Lain hal bakal calon dari incumbent atau petahana. Sebagai seorang petahana jika kebetulan tertarik lagi mencalonkan diri lagi kepala daerah. Biasanya waktu ditanya terkait minat keikutsertaan dalam kompetisi pencalonan kedua. Dapat diramalkan jawabannya tergantung masyarakat, seandainya masyarakat merasa berharap agar mencalonkan dirinya lagi tidak enggan-enggan beliaunya bilang siap. Karena sebagai pemimpin itu adalah amanat, pertanggungjawabannya tidak hanya di dunia namun juga di akhirat. Tidak malu-malu terkadang bakal calon dari kategori partai islam menyertakan dalil-dalil meyakinkan. Guna memperkuat argumentasinya agar terjadi kesan pencitraan, bahwasannya dia kategori pihak yang tidak berambisi. Biasanya si-wartawan disarankan bertanya kepada orang di sekitarnya.
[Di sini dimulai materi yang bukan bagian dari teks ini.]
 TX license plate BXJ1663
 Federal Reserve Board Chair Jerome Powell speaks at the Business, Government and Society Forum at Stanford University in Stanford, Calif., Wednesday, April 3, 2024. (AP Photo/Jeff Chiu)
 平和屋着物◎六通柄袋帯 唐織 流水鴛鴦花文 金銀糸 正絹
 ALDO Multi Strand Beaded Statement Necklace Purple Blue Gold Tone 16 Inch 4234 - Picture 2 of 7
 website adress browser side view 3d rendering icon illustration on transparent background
Dapat dipastikan jawaban kerumunan orang disekitarnya pada bilang akan mendukung seratus persen bapak atau ibu untuk maju dalam pencalonan kepala daerah. Tidak hanya sebatas kalimat mendukung yang muncul, kami mendukung pencalonan bapak karena selama mengikuti kepemimpinan bapak banyak prestasi yang ditorehkan daerah ini. Lagi-lagi akrobatik politik ABCS kita saksikan.
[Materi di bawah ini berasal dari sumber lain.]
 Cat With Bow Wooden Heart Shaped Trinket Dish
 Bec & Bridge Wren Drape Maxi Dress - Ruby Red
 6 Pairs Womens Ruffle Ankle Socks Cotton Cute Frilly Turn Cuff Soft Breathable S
Berbeda lagi bakal calon dari perspektif pendatang baru. Sehubungan calon bersangkutan notabene pendatang baru alias belum pernah teruji dalam kepemimpinan politik, biasanya tidak enggan-enggan mengakukan dirinya sebagai tokoh perubahan. Kategori profil ketiga ini menyebutkan bahwa fenomena kepemimpinan saat sekarang syarat status quo. Makanya wajar apabila ini daerah menjadi tertinggal dengan daerah tetangga. Padahal kita semua tahu, daerah kita adalah daerah kaya. Secara sumber daya alam, daerah kita sangat potensial. Secara sumber daya manusia banyak orang pandai dilahirkan dari daerah kita. Namun kenapa daerah kita masih tertinggal jauh dengan daerah tetangga Ini semua disebabkan dalam penerapan metode pengelolaan atau manajemen yang dipakai pemimpin sekarang syarat status quo. Alias manajemen yang hanya berorientasi pada kiblat memperkaya pundi-pundi ekonomi kelompok tertentu. Ini tidak boleh dibiarkan, apabila kita berharap kemajuan dan kemanfaatan pembangunan. Para pengikut tokoh ini, biasanya adalah kelompok barisan sakit hati dengan kebijakan kepemimpinan terpilih. Sebagian orang-orang yang ikut kerumunan kelompok ini. Jika ditanya, dipastikan jawabannya berapi-api. Bahwa daerah kita apabila pengen menjadi daerah maju, disegani daerah tetangga, dan selalu memperoleh prestasi, seyogyanya harus dipimpin sosok bersih tidak terlibat kepentingan politik pragmatis masa lalu.

SOLUSI

Terbersit dalam pikiran, praktik politik ABCS tentunya tidak boleh mendominasi. Pertanyaannya,  apakah memang macam ini potret praktik politik kita? Untuk mendalami arti dan lingkup tujuan besar pemilukadal, agar tidak semakin memperparah khasanah pandangan politik lokal tentu dibutuhkan sosok model kepemimpin sebagai berikut. 1).Bakal calon kepala daerah mendatang harus memiliki kemampuan kerjasama dengan bawahan dan rekan kerja secara baik. Harus mampu membuat para bawahan dan patner mencapai hasil yang telah ditetapkan. 2).Bakal calon kepala daerah harus mampu mempengaruhi orang lain melalui cara-cara persuasi dan himbauan bukan paksaan. 3).Bakal calon kepala daerah harus memiliki kemampuan mengarahkan kegiatan-kegiatan bersama. 4).Bakal calon kepala daerah harus mampu menunjukkan watak keunggulan, sehingga memiliki pengaruh terhadap bawahan. 5).Bakal calon kepala daerah terpilih harus mampu melahirkan berbagai gagasan baru sehingga memberikan dorongan nilai perubahan. 6).Dan tentunya bakal calon pilihan rakyat mendatang harus memiliki program serta mampu mendorong tumbuhnya motivasi bawahan dalam mewujudkan tujuan yang telah ditetapkan.